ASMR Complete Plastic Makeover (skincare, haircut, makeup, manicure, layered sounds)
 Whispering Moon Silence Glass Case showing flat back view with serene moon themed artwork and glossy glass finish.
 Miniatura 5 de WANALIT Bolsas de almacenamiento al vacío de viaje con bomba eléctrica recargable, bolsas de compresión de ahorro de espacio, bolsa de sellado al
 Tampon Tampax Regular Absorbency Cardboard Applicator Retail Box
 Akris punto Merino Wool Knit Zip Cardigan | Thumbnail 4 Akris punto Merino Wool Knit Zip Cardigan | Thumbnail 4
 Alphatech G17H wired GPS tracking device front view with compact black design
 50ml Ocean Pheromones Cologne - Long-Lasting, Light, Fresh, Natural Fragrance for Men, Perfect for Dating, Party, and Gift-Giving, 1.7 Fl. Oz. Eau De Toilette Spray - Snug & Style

★ ★ ★ ★ ★

_EXERCISE DESCRIPTION_
The lines to retype run from the start of the entries through the line containing "Tampon Tampax Regular"; reproduce them exactly and add nothing.

_THE COMPLETED TASK_
ASMR Complete Plastic Makeover (skincare, haircut, makeup, manicure, layered sounds)
 Whispering Moon Silence Glass Case showing flat back view with serene moon themed artwork and glossy glass finish.
 Miniatura 5 de WANALIT Bolsas de almacenamiento al vacío de viaje con bomba eléctrica recargable, bolsas de compresión de ahorro de espacio, bolsa de sellado al
 Tampon Tampax Regular Absorbency Cardboard Applicator Retail Box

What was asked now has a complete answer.